It is different to calculating of the mean pixel value for each image, which Keras refers to as sample-wise centering and does not require any statistics to be calculated on the training dataset.

# create generator that centers pixel values
datagen = ImageDataGenerator(samplewise_center=True)

We will demonstrate feature-wise centering in this section. Once the statistic is calculated on the training dataset, we can confirm the value by accessing and printing it; for example:

# print the mean calculated on the training dataset.
print(datagen.mean)

We can also confirm that the scaling procedure has had the desired effect by calculating the mean of a batch of images returned from the batch iterator. We would expect the mean to be a small value close to zero, but not zero because of the small number of images in the batch.

# get a batch
batchX, batchy = iterator.next()
# mean pixel value in the batch
print(batchX.shape, batchX.mean())

A better check would be to set the batch size to the size of the training dataset (e.g. 60,000 samples), retrieve one batch, then calculate the mean. It should be a very small value close to zero.

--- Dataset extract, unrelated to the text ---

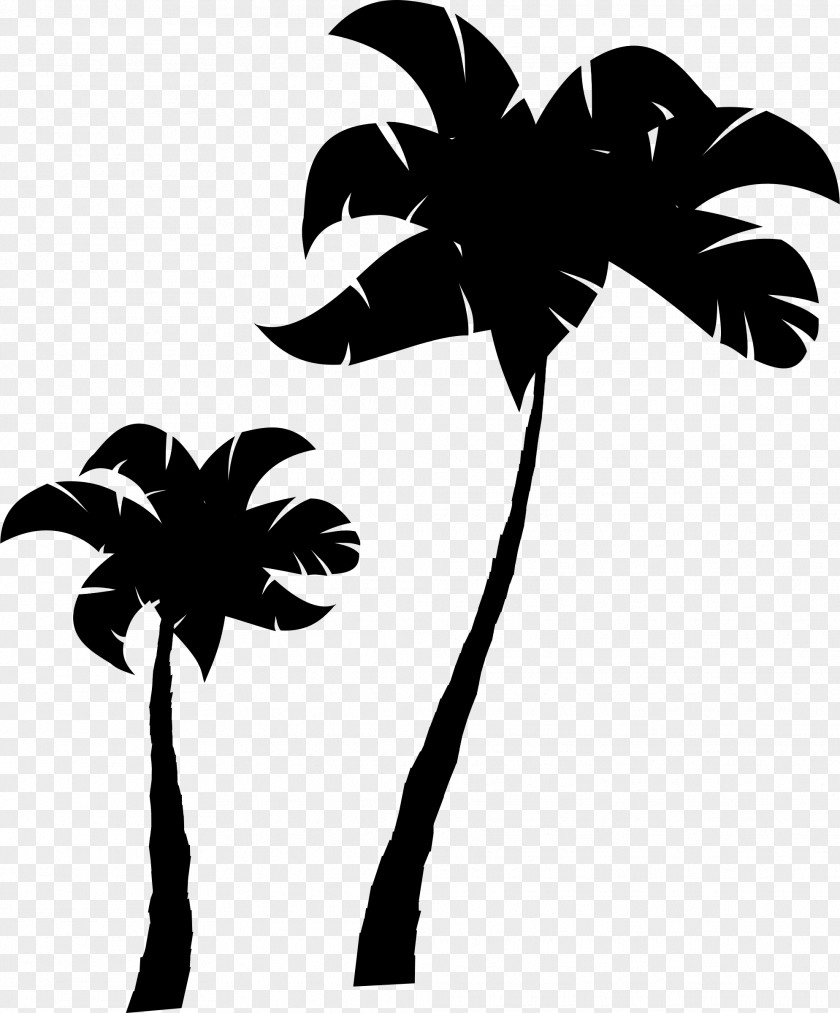 Palm Trees Clip Art Sticker Branch PNG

# try to flow the entire training dataset
iterator = datagen.flow(trainX, trainy, batch_size=len(trainX), shuffle=False)
# get a batch
batchX, batchy = iterator.next()
# mean pixel value in the batch
print(batchX.shape, batchX.mean())

The complete example is listed below.

# example of centering a image dataset
from keras.datasets import mnist
from keras.preprocessing.image import ImageDataGenerator
# load dataset
(trainX, trainy), (testX, testy) = mnist.load_data()
# reshape dataset to have a single channel
width, height, channels = trainX.shape[1], trainX.shape[2], 1
trainX = trainX.reshape((trainX.shape[0], width, height, channels))
testX = testX.reshape((testX.shape[0], width, height, channels))
# report per-image mean
print('Means train=%.3f, test=%.3f' % (trainX.mean(), testX.mean()))
# create generator that centers pixel values
datagen = ImageDataGenerator(featurewise_center=True)
# calculate the mean on the training dataset
datagen.fit(trainX)
print('Data Generator Mean: %.3f' % datagen.mean)
# demonstrate effect on a single batch of samples
iterator = datagen.flow(trainX, trainy, batch_size=64)
# get a batch
batchX, batchy = iterator.next()
# mean pixel value in the batch
print(batchX.shape, batchX.mean())
# demonstrate effect on entire training dataset
iterator = datagen.flow(trainX, trainy, batch_size=len(trainX), shuffle=False)
# get a batch
batchX, batchy = iterator.next()
# mean pixel value in the batch
print(batchX.shape, batchX.mean())

Running the example first reports the mean pixel value for the train and test datasets.

The MNIST dataset only has a single channel because the images are black and white (grayscale), but if the images were color, the mean pixel values would be calculated across all channels in all images in the training dataset, i.e. there would not be a separate mean value for each channel.

The ImageDataGenerator is fit on the training dataset and we can confirm that the mean pixel value matches our own manual calculation.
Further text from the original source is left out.